De rares héroïnes...


Les « illustrés » ne sont pas pensés pour les filles  -  aujourd'hui, on dirait que ce n'est pas un marché potentiel. Donc, aucune raison de les mettre en scène dans les romans pour la jeunesse (ah, Jules Verne et son image de la femme ; oh, le monde du Prince Eric, ce roman scout aux adolescents ambigus, illustrés par Pierre Joubert...), pas plus que dans les bandes dessinées d'aventure. C'est vrai en Europe, ce l'est moins aux Etats-Unis. Les héroïnes y font florès : Dale Arden, dans Flash Gordon ; Little Annie ; Juliet Jones ; Mary Perkins  -  ce qui n'évite pas les stéréotypes sexistes.
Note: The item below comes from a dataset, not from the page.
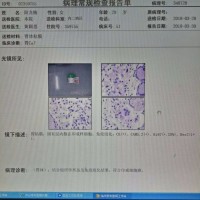 请大家救救身患印戒细胞癌的我,病如山倒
Alors que a mixité dans les écoles nous paraît naturelle, en 2010, il n'en allait pas de même dans les années 1930. Il y avait les « écoles de garçons » et les « écoles pour filles ». Cela fait réfléchir par rapport à certaines revendications actuelles... Mais quand on est un véritable marollien de 1930, comme Quick et Flupke, on n'a pas le temps de s'occuper des filles ! La force d'Hergé dans Quick et Flupke, c'est la puissance des gags qui restent très actuels. Et pourquoi pas éternels ? N'hésitez pas à redécouvrir Quick (Hergé insistait : on prononce « Couic » et non « Kik ») et Flupke, diminutif bruxellois et affectueux de Philippe. Sans doute, cette pérennité des deux galopins est-elle due à la tendresse et l'affection d'Hergé pour ses personnages. Le Musée Hergé, à Louvain-la-Neuve, présente de nombreuses planches originales de Quick et Flupke, tandis que sa boutique met en vente les albums et les objets inspirés par les deux garnements.